*** Records provided Section Begins ***

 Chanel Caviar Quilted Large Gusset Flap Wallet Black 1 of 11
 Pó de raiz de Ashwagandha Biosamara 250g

*** Records provided Section Ends ***
*** Records provided Section Begins ***

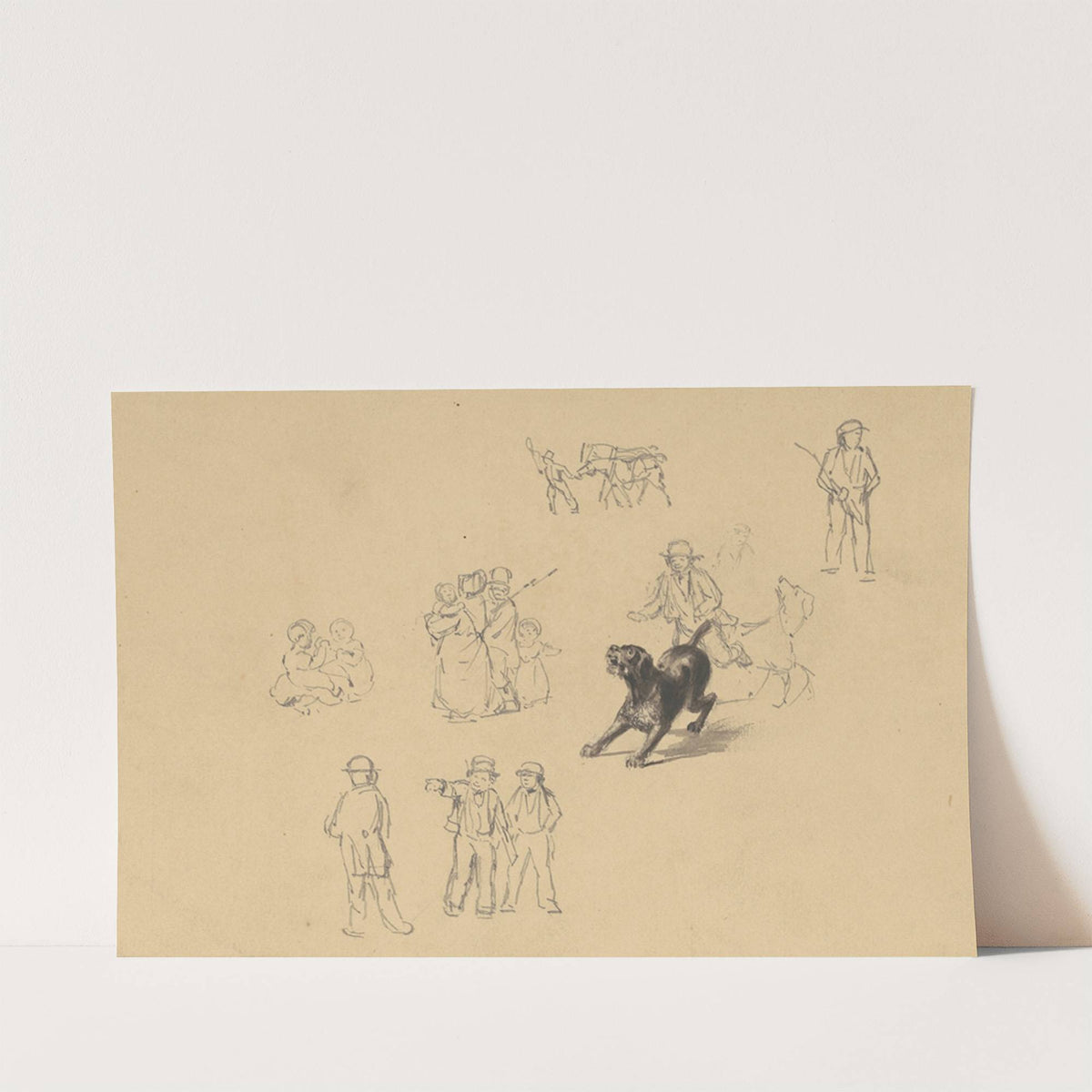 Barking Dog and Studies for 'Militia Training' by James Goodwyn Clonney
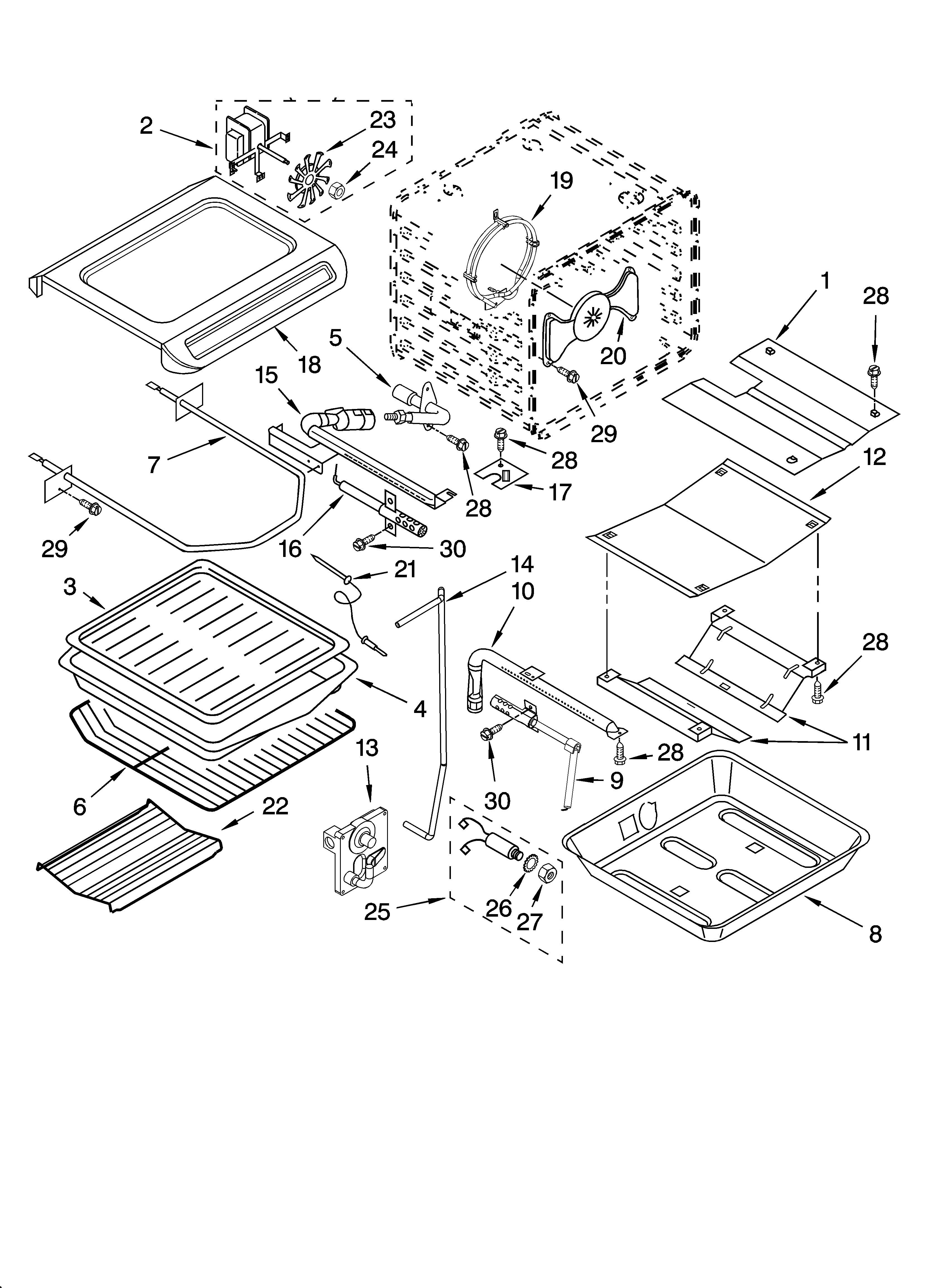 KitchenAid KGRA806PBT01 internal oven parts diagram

*** Records provided Section Ends ***
*** Records provided Section Begins ***

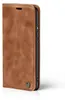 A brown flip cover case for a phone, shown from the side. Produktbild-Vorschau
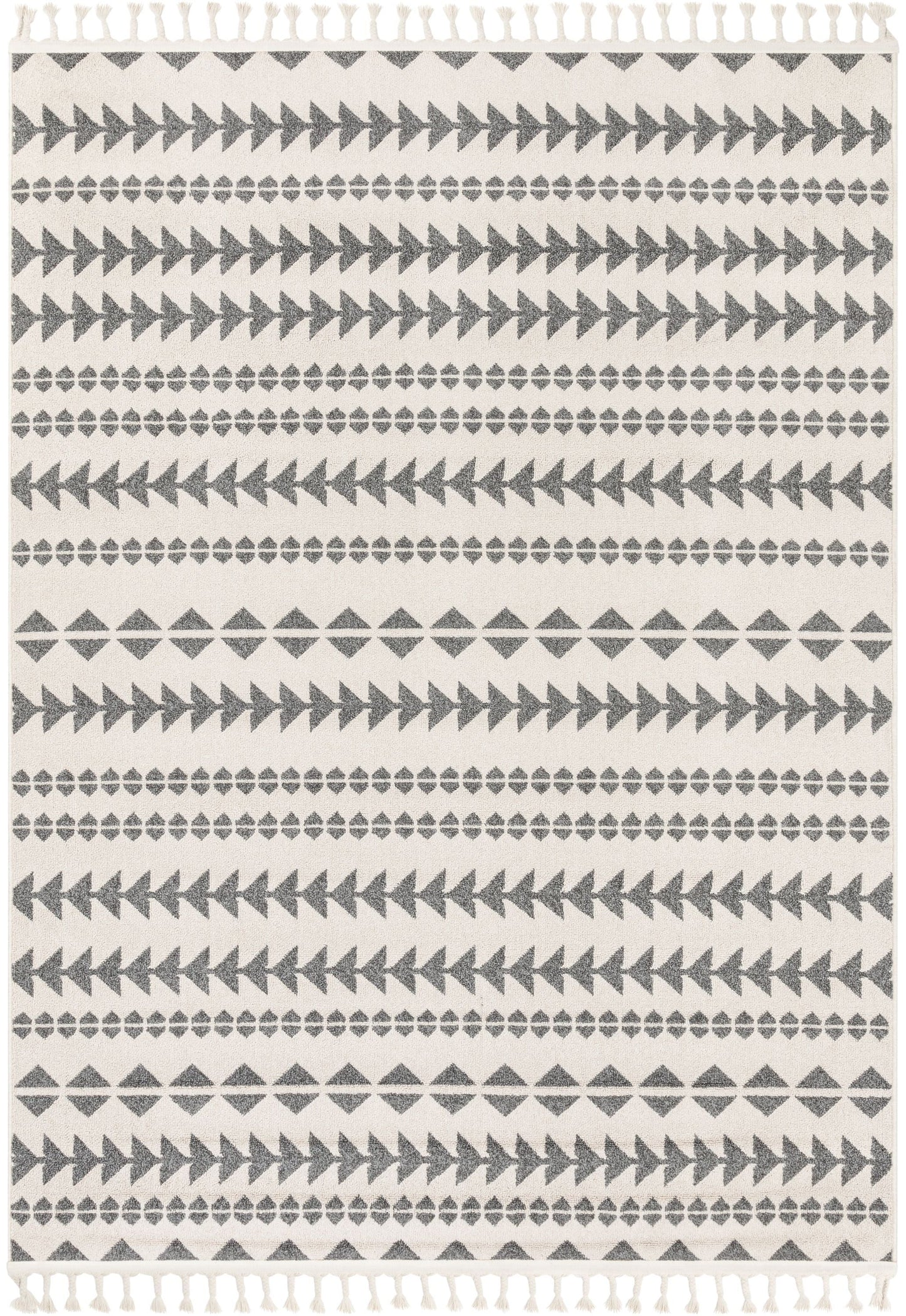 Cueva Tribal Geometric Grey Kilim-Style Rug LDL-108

*** Records provided Section Ends ***

Your goal:
Copy, exactly and only, the lines above that begin with the one containing "Chanel Caviar Quilted" and finish with the one containing "Pó de raiz de Ashwagandha Biosamara 250g".

Written answer:
 Chanel Caviar Quilted Large Gusset Flap Wallet Black 1 of 11
 Pó de raiz de Ashwagandha Biosamara 250g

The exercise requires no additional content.